Le phénomène est presque aussi marqué dans le stockage. Les prix des SSD d’entreprise, basés sur de la mémoire NAND Flash, ont progressé d’environ 35% au second semestre 2025. Leur hausse cumulée devrait atteindre 235% en 2026. Les tensions devraient se prolonger en 2027 sur la HBM, la mémoire à très haut débit utilisée avec les accélérateurs IA, dont les prix pourraient encore augmenter de 70% à 140%.

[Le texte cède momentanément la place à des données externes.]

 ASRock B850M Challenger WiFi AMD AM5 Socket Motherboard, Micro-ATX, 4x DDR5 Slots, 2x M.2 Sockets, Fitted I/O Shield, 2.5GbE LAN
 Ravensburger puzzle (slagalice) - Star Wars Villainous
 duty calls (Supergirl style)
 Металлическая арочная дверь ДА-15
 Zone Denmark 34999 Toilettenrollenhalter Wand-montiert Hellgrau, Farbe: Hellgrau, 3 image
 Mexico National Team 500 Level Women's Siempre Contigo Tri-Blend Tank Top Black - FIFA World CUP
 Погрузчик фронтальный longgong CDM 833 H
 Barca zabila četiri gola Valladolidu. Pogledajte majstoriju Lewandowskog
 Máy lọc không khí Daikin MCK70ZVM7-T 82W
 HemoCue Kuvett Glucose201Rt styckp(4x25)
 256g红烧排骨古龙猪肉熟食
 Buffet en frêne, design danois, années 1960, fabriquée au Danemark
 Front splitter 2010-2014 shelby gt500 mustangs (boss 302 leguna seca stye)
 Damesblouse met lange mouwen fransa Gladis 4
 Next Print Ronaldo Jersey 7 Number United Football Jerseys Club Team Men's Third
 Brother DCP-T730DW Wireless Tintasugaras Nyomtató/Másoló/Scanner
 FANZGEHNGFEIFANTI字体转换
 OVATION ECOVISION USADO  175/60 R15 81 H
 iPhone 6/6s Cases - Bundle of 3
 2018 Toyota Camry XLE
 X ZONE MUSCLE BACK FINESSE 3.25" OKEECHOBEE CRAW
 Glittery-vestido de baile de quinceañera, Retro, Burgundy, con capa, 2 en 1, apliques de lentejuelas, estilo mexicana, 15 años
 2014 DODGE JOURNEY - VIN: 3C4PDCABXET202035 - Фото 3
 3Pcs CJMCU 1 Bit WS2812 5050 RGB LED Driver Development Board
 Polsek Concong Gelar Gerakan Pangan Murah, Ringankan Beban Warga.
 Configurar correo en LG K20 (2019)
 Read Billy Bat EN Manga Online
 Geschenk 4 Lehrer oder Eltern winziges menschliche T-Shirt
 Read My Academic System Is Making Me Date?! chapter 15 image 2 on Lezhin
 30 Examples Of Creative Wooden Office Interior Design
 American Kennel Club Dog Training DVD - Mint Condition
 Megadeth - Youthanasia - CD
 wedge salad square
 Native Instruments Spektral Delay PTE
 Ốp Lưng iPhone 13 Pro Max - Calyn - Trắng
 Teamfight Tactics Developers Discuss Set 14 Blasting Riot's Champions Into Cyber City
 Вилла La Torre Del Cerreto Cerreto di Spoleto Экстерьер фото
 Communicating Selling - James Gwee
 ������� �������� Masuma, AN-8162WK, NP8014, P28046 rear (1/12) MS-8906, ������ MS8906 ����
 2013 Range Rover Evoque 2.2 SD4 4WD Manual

Cette inflation s’explique par la forte demande des centres de données. En 2026, plus de la moitié de la production mondiale de DRAM devrait être destinée à la HBM et aux mémoires pour serveurs. TrendForce prévoit une hausse de 27% de cette production en 2027, sans pour autant anticiper une détente rapide des prix.
Pour les hyperscalers, la mémoire absorbe une part toujours plus importante des budgets d’infrastructure. Ils pourraient ainsi être amenés à augmenter encore leurs investissements ou à réduire la quantité de mémoire installée dans certains systèmes.
L’autre solution serait de réduire la quantité de mémoire intégrée dans chaque système. TrendForce évoque notamment une optimisation des configurations RDIMM, une réduction du volume de HBM associé aux futurs accélérateurs IA ou encore un recours accru à des ASIC spécialisés, moins dépendants de grandes quantités de mémoire.